I could spend forever trying to work out exactly what's going on in FLCL, or even just trying to explain my own interpretations. There are more layers to this show than it has any right to have, although the broad strokes are fairly straightforward. I think.
Underneath the slapstick, fanservice and toilet humour, there's a fairly serious story about growing up. The main character, Naota, is trying to figure out how he fits into all the relationships he's been taking for granted in the vacuum left by his older brother's departure. Hell, there's an entire thesis to be written just about the interactions between Naota and his older brother's ex-girlfriend.
Or about Haruko, and why she treats Naota the way she does. The audience gets the distinct impression that she's just using him to get what she wants, but the way she goes about it seems awfully personal. Although when she finally does get what she wants, she's literally trampling him.

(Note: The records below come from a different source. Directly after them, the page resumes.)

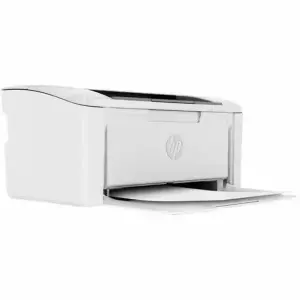 HP LaserJet M111w Desktop Wireless Laser Printer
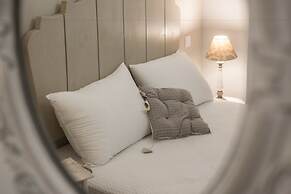 Gratsias Luxury Apartments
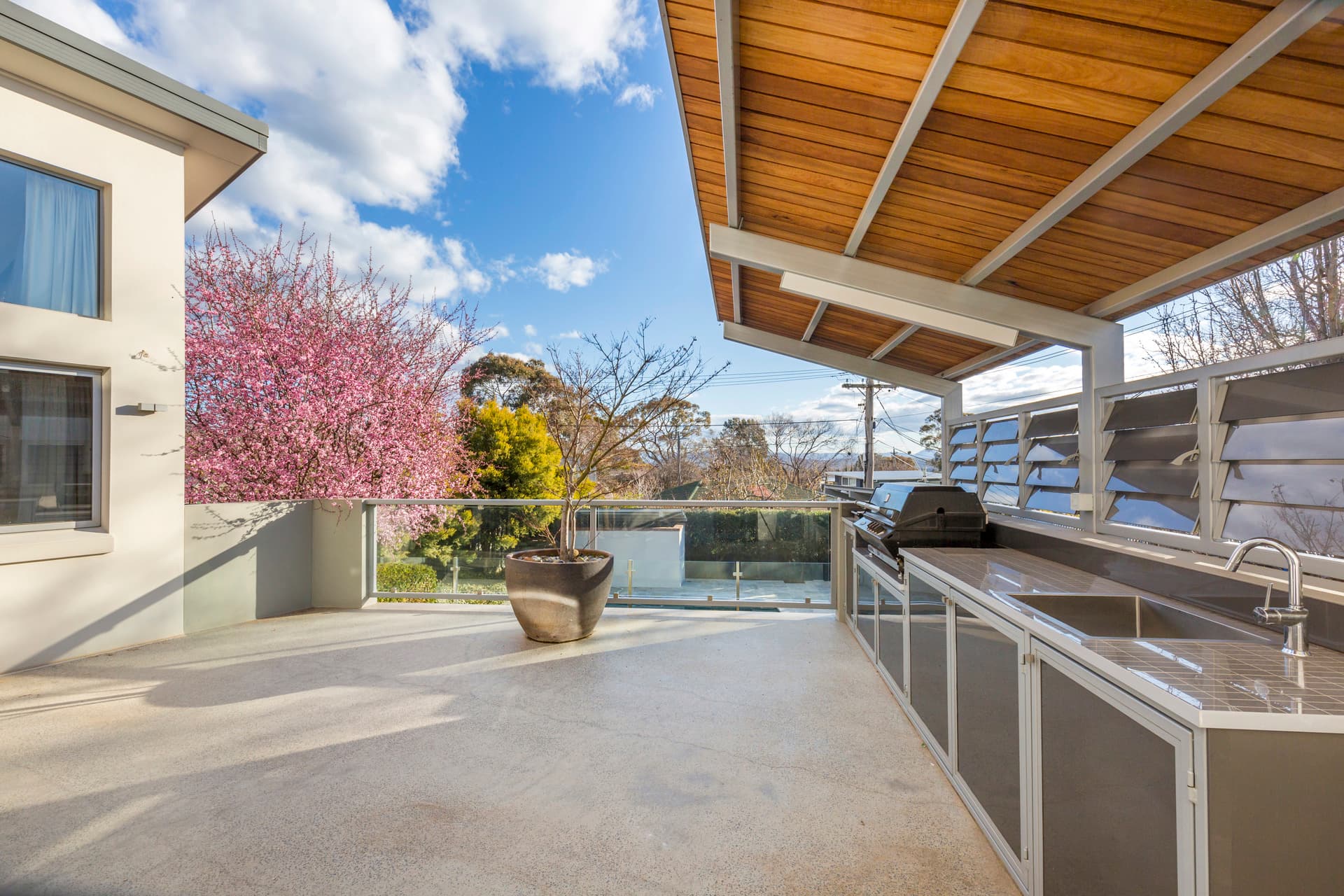 11 Verco Street, Hackett ACT 2602, Hackett - Thumbnail 8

In addition to the half dozen metaphors the show has for maturity, it's also elbows deep in pop culture references, parody and has little regard for the fourth wall. It'll switch between seriousness, all-out action, emotional earnestness and really stupid humour at breakneck pace, and as a result does feel kind of fractured.
The last couple of times I've watched it, I've been a bit frustrated by the comedy elements; the subtext is much more interesting to me than the surface-level stuff. But then, that almost feels like a part of its maturity-versus-childishness setup: being an adult means accepting the sour stuff along with the sweet. I don't know if wishing for a totally serious version of FLCL is a sign of being, or just pretending to be, an adult.